May I please have every record restated word for word, with the images left out?

# [Working data]
┄┄┄┄┄┄

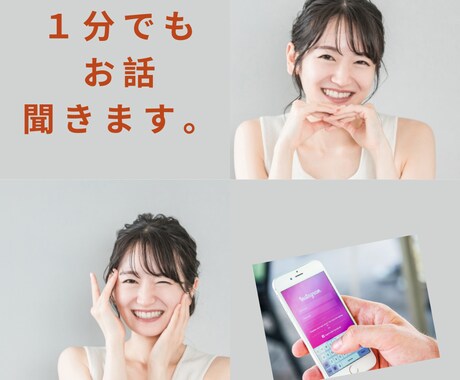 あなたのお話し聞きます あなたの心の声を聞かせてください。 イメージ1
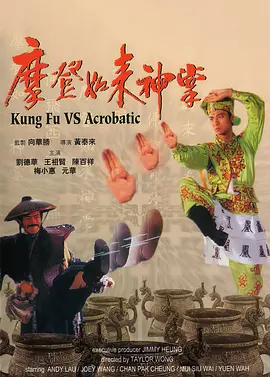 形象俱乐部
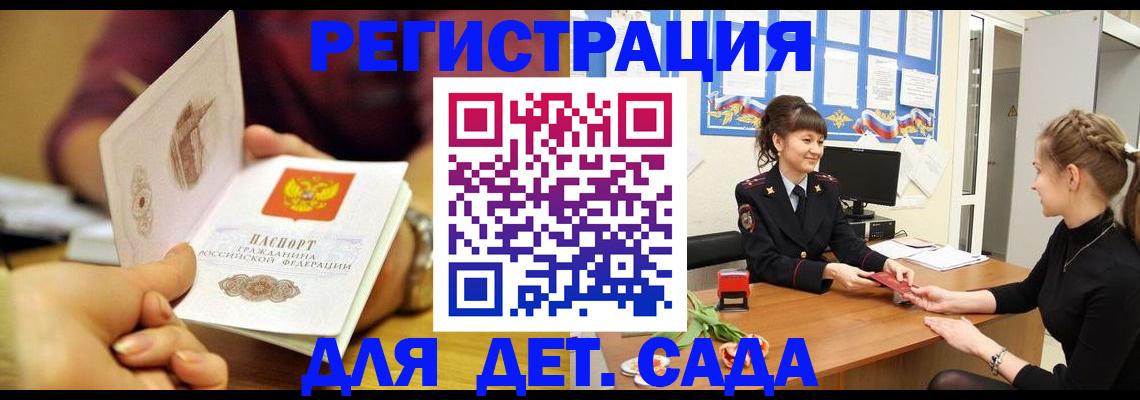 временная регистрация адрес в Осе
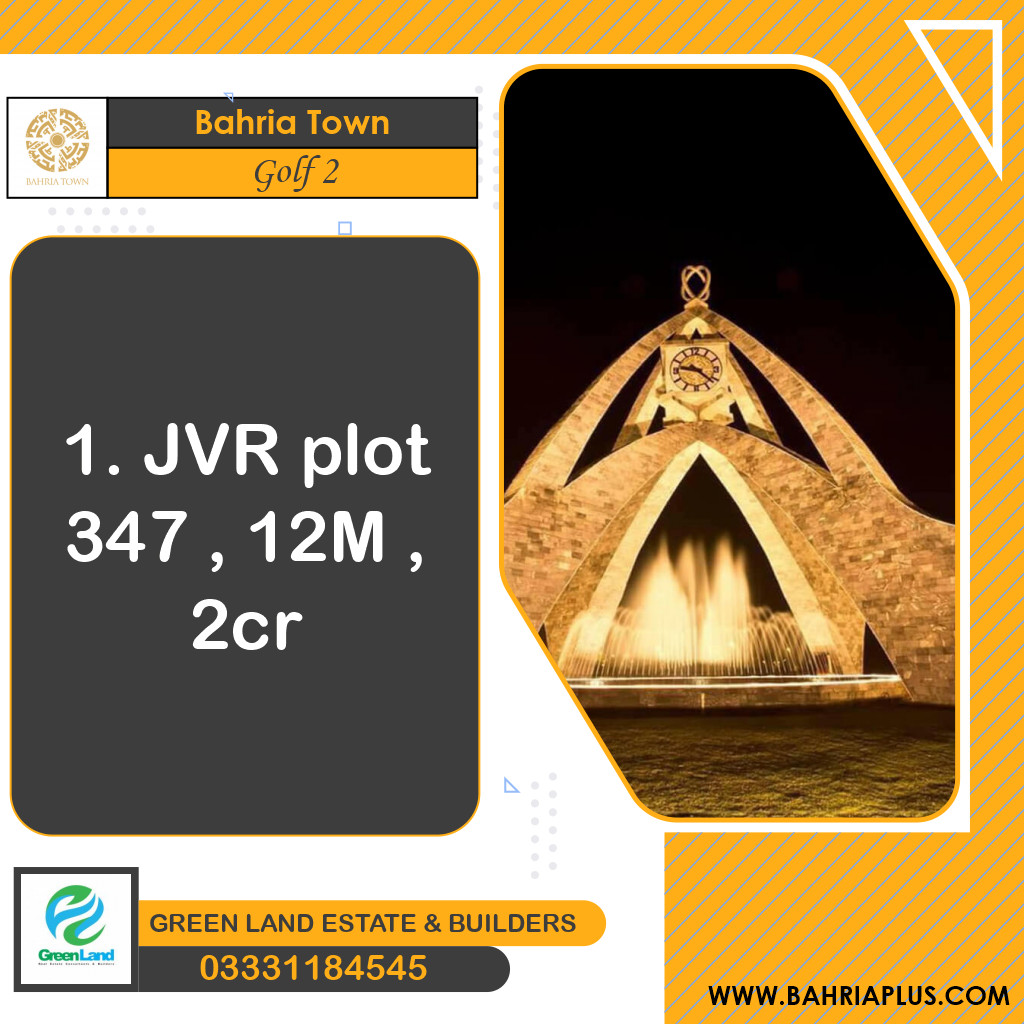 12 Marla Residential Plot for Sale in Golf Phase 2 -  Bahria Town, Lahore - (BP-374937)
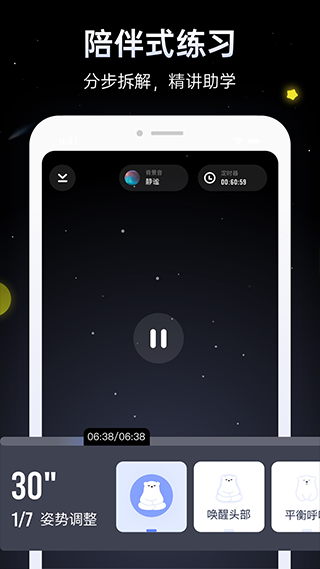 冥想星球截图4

┄┄┄┄┄┄

# [Expected output]
 あなたのお話し聞きます あなたの心の声を聞かせてください。 イメージ1
 形象俱乐部
 временная регистрация адрес в Осе
 12 Marla Residential Plot for Sale in Golf Phase 2 -  Bahria Town, Lahore - (BP-374937)
 冥想星球截图4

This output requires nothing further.